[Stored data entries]
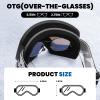 DUCO Ski Goggles Snowboard for Men Women,OTG Lightweight Winter Snowmobile Snow Goggles Anti-Fog 100% UV Protection DCS001 (Black Frame Revo Blue+Silver Lens) view 3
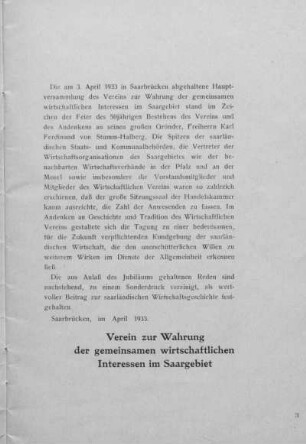 50 Jahre Wirtschaftlicher Verein im Saargebiet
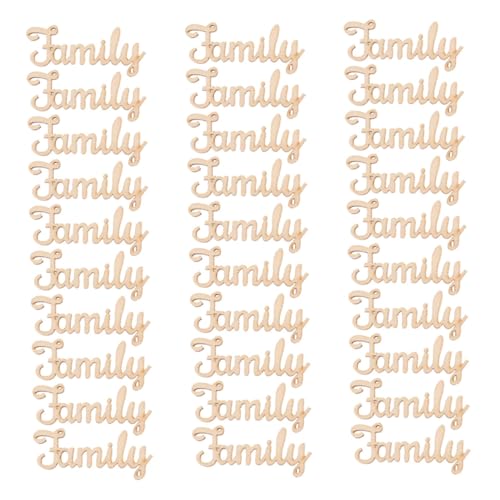 Angoily 30 Stück Teiliges Holzscheiben Deko mit Familienwörtern Handgefertigte Hängende Holzanhänger für Wiederverwendbare DIY Bastelornamente für Geburtstag Hochzeit Weihnachten von Angoily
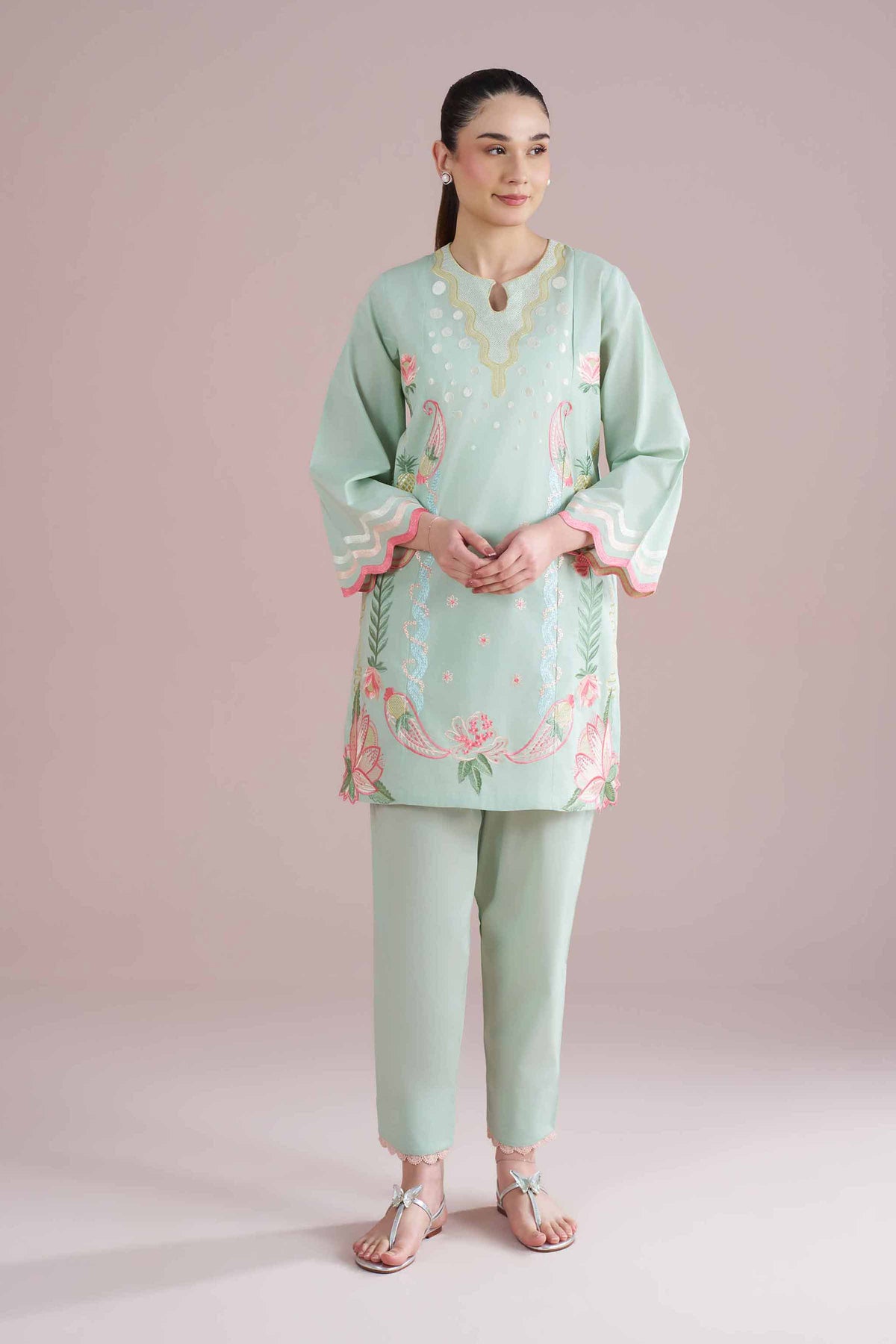 2 Piece - Embroidered Suit - PE26-235 Green Cambric 2PC Embroidered Nishat Australia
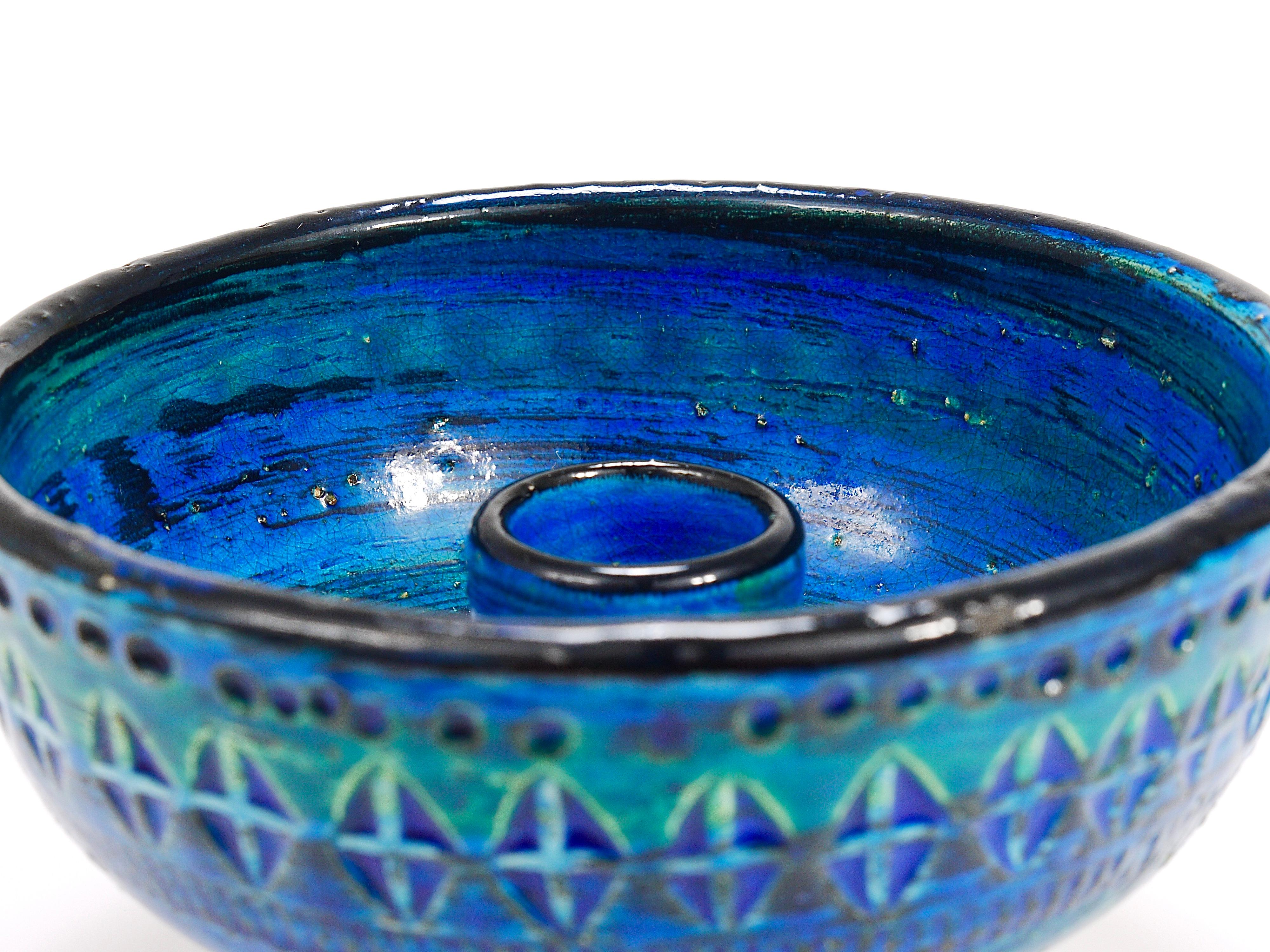 Aldo Londi Bitossi Rimini Blue Glazed Midcentury Candle Holder Bowl, 1950s For Sale 2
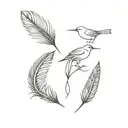birds, feather, b tattoo design idea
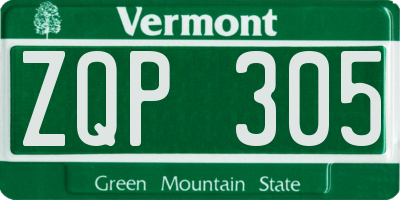 VT license plate ZQP305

## ACTIVITY
No pictures should appear in the copy, and each record above is to be returned exactly.

## RESULT
 DUCO Ski Goggles Snowboard for Men Women,OTG Lightweight Winter Snowmobile Snow Goggles Anti-Fog 100% UV Protection DCS001 (Black Frame Revo Blue+Silver Lens) view 3
 50 Jahre Wirtschaftlicher Verein im Saargebiet
 Angoily 30 Stück Teiliges Holzscheiben Deko mit Familienwörtern Handgefertigte Hängende Holzanhänger für Wiederverwendbare DIY Bastelornamente für Geburtstag Hochzeit Weihnachten von Angoily
 2 Piece - Embroidered Suit - PE26-235 Green Cambric 2PC Embroidered Nishat Australia
 Aldo Londi Bitossi Rimini Blue Glazed Midcentury Candle Holder Bowl, 1950s For Sale 2
birds, feather, b tattoo design idea
 VT license plate ZQP305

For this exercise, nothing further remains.